Captioned web image data
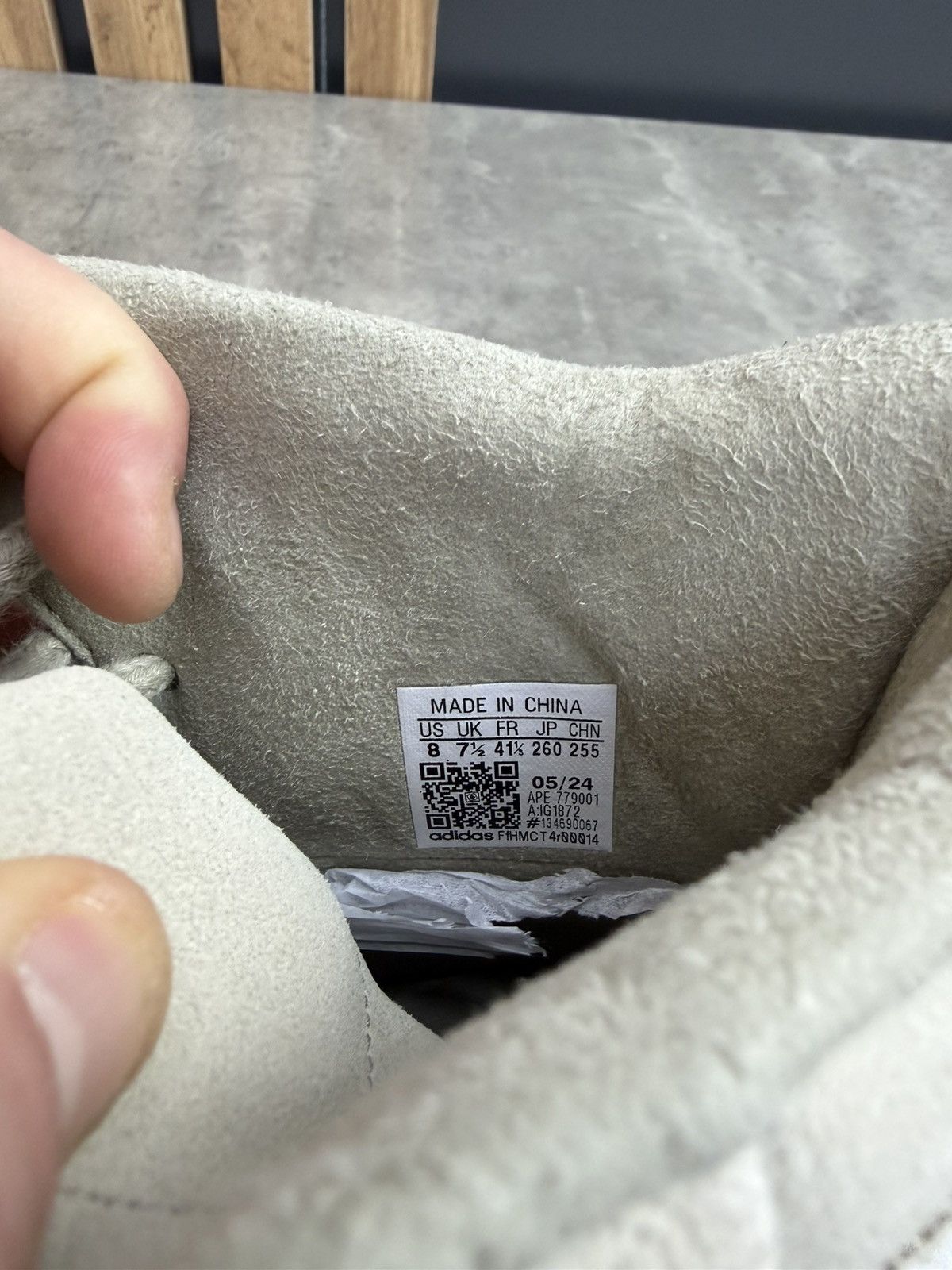 Adidas × Fear of God Adidas x Fear of God Athletics Los Angeles Hikers Beige Size US 8 / EU 41 - 11 Thumbnail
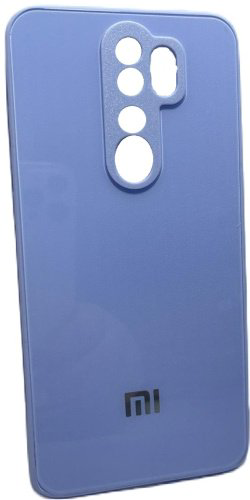 Чехол Для Xiaomi Redmi 9 сиреневый купить,1554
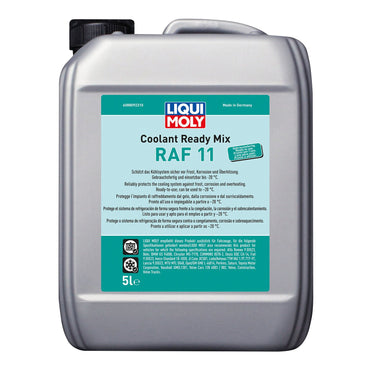 Liqui Moly RAF 11 færdigblandet kølervæske 5 L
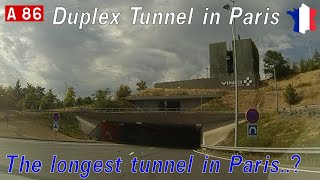 France F A86 Duplex Tunnel in Paris [upl. by Parsons]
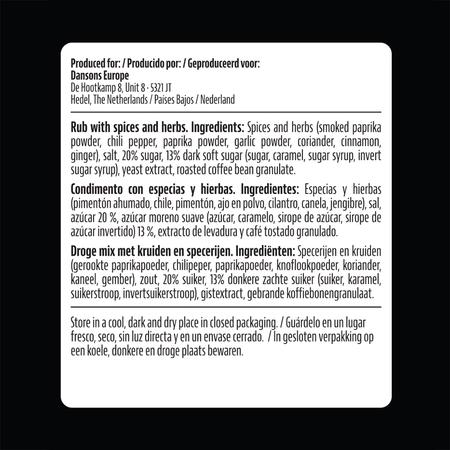 Rub Sweet heat - afbeelding 3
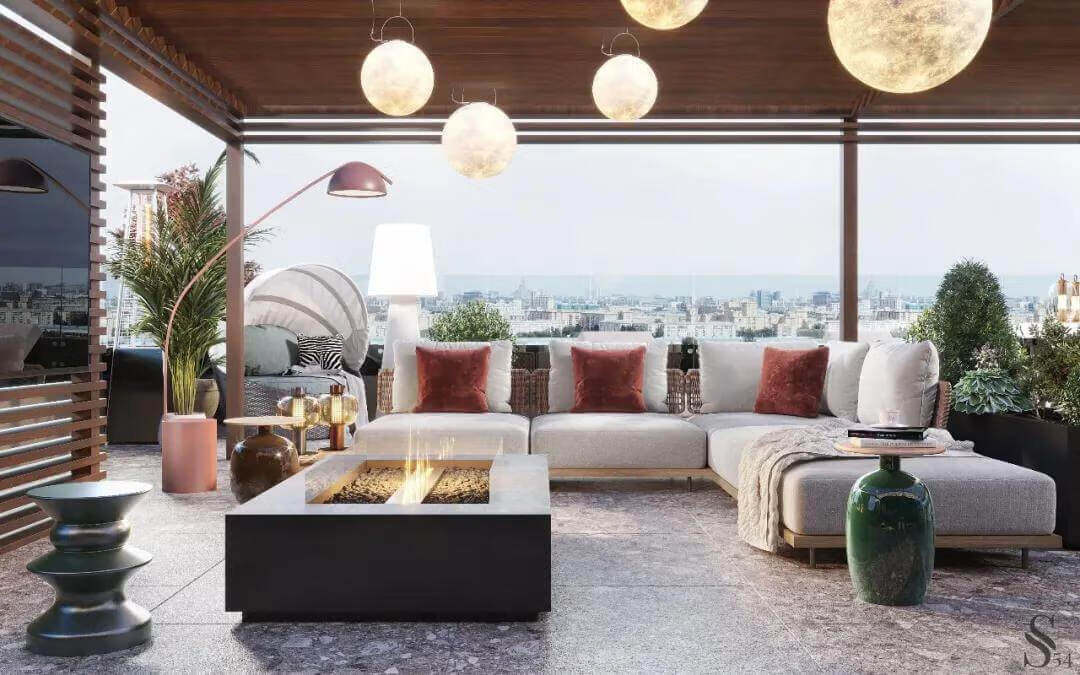 大屋子设计(大屋里面套小屋的风水)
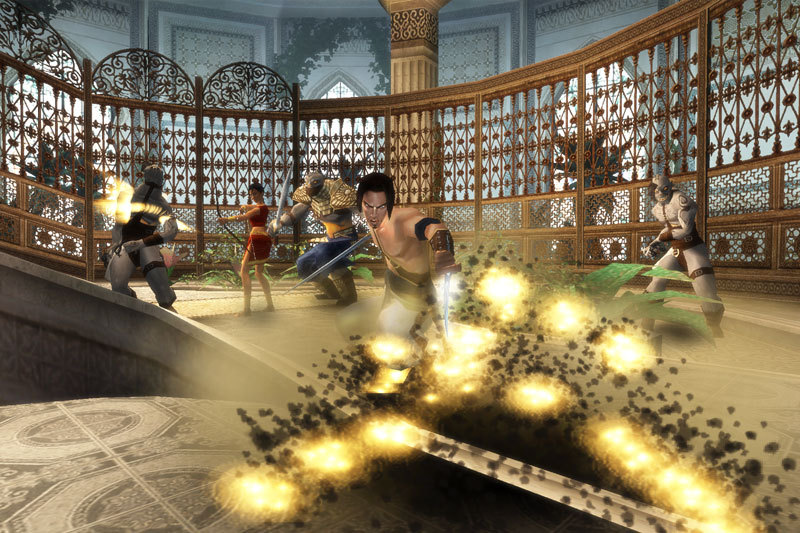 Prince of Persia®: The Sands of Time Featured Screenshot #1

**ASSIGNMENT**
Your copy should match the data exactly, apart from the images, which are dropped.

**RESPONSE BOX**
 Adidas × Fear of God Adidas x Fear of God Athletics Los Angeles Hikers Beige Size US 8 / EU 41 - 11 Thumbnail
 Чехол Для Xiaomi Redmi 9 сиреневый купить,1554
 Liqui Moly RAF 11 færdigblandet kølervæske 5 L
 France F A86 Duplex Tunnel in Paris [upl. by Parsons]
 Rub Sweet heat - afbeelding 3
 大屋子设计(大屋里面套小屋的风水)
 Prince of Persia®: The Sands of Time Featured Screenshot #1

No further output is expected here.